By: Rabbi Irwin Kula

Rabbi Kula is president of the National Jewish Center for Learning and Leadership. Bill Donohue regards Irwin as a thoughtful and courageous activist, and a good friend.

The official Jewish response to Pope Benedict XVI’s recent decision to reach out to the St. Pius X Society and to revoke the excommunication (though not yet determining the status) of four bishops says a great deal about the psycho-social state of American Jewish leadership or at least the leadership that claims to speak for American Jews.

The admittedly unnerving if not hurtful Holocaust denying views of one of those bishops, British born Richard Williamson, an obscure, irrelevant, cranky old man, offered on Swedish television, evoked the wrath of many Jewish organizations. This will have “serious implications for Catholic-Jewish relations” and there will be a “political cost for the Vatican” they threatened. And from Israel, the Chief Rabbinate in Israel, one of the most corrupt religious establishments in Western democracies, entered the fray calling into doubt the pope’s impending visit to Israel.

As an eighth generation rabbi and someone who lost much family in the Holocaust, it could just be me, but this official Jewish response seems outrageously over the top. Do millions of American Jews sufficiently care that the pope revoked the excommunication of this unheard of bishop such that major Jewish organizations should devote so much energy and attention to this and turn it into a cause célèbre worthy of front page attention? And is this the way we speak to each other after decades of successful interfaith work on improving our relationship?

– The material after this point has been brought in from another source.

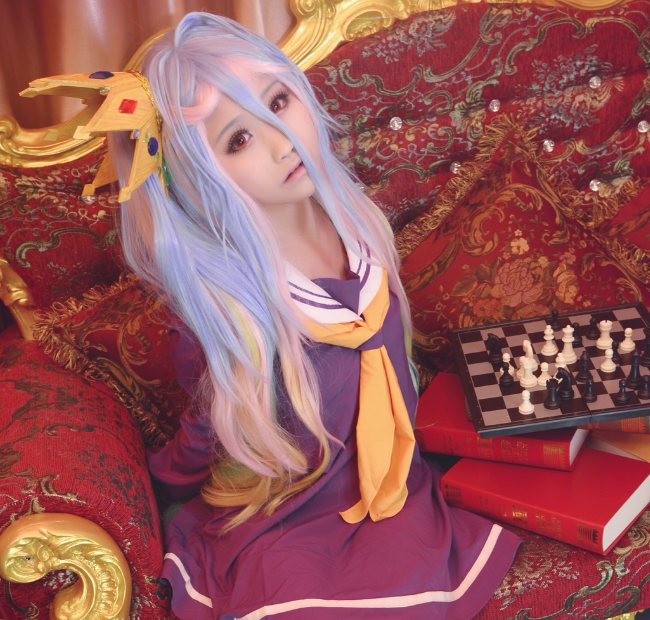 游戏人生白cosplay,清新可爱,樱花少女小姐姐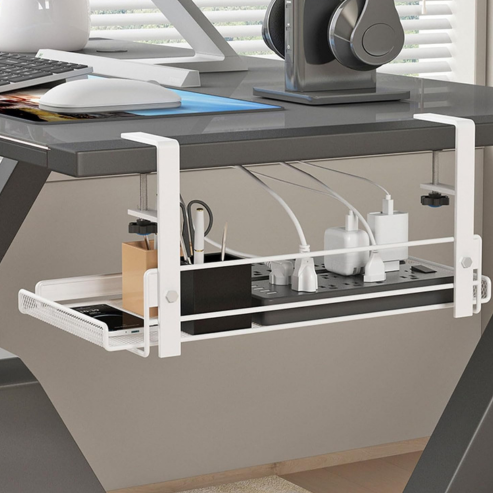 Plateau de gestion des câbles sous le bureau sans perçage – organisateur en acier pour fils, multiprises et chargeurs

How is it that the view of some cranky bishop who has no power evokes calls of a crisis in Catholic – Jewish relations despite the revolutionary changes in Church teachings regarding Jews since Vatican II? Where is the “proportionality,” where is the giving the benefit of the doubt—a central religious and spiritual imperative—in response to something that is admittedly upsetting but in the scheme of things is less than trivial especially given this pope’s historic visit to Auschwitz in which he unambiguously recognized the evil perpetrated upon Jews in the Holocaust and in his way “repented” for any contribution distorted Church teachings made to create the ground for such evil to erupt.

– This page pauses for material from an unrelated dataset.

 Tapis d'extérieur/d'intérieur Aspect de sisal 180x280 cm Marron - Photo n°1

Something is off-kilter here. Is it possible that the leadership of Jewish defense agencies, people with the best of motivation who have historically done critical work in fighting anti-Semitism, have become so possessed by their roles as monitors of anti-Semitism, so haunted by unresolved fears, guilt, and even shame regarding the Holocaust, and perhaps so unconsciously driven by how these issues literally keep their institutions afloat, that they have become incapable of distinguishing between a bishop’s ridiculous, loopy, discredited views about the Holocaust and a Church from the Pope down which has clearly and repeatedly recognized the evil done to Jews in the Holocaust and called for that evil to never be forgotten?

Perhaps, this called for a little understanding of what it must be like to actually run a 1.2 billion person spiritual community (one with which I disagree on many issues) and to be trying to create some sense of unity from right to left, from extreme liberalism to extreme traditionalism. How about cutting a pope, who we know, along with the previous pope, is probably amongst the most historically sensitive popes to the issues of anti-Semitism, Holocaust, and the relationship to Judaism and Jews, a little slack, given how he is trying to heal his own community. And is it possible that the pope’s desire/hope/need to reintegrate the Church (he has also reached out to Liberal theologian Hans Kung) may be of more importance both to the Church and actually to religion on this planet than whether we Jews are upset about the lifting of excommunication of one irrelevant bishop?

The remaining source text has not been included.